What this task involves :: Skip the pictures. Output only the lines below starting at the line with "Used 2017 Hyundai" and ending at the line with "二手杜卡迪Diavel", both ends included, exactly as they are.

═════ Source material ═════

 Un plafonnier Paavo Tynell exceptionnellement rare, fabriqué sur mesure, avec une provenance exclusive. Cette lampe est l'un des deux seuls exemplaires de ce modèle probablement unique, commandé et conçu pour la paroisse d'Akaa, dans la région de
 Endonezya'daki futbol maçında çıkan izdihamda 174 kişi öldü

═════
═════ Source material ═════

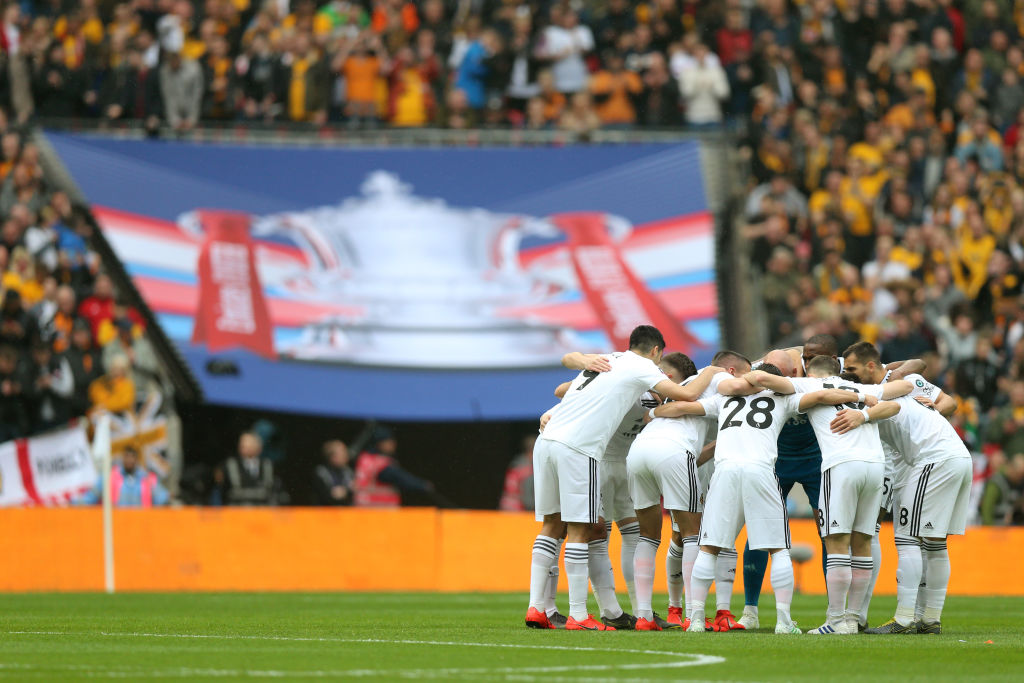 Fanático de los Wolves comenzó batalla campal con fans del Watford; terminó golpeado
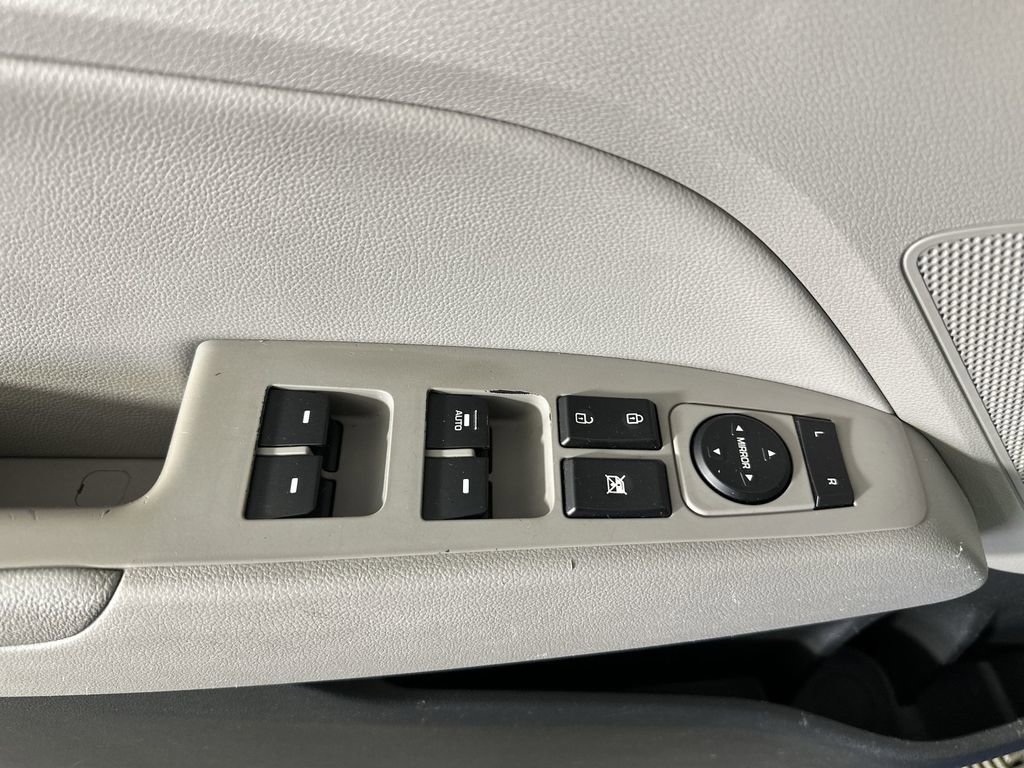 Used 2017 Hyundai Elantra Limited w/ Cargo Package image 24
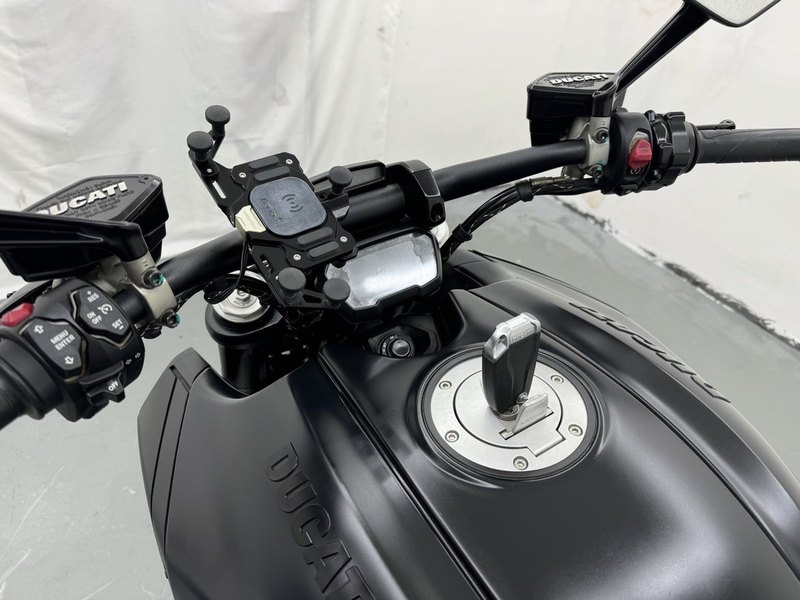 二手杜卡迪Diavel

═════

Result for this exercise ::
 Used 2017 Hyundai Elantra Limited w/ Cargo Package image 24
 二手杜卡迪Diavel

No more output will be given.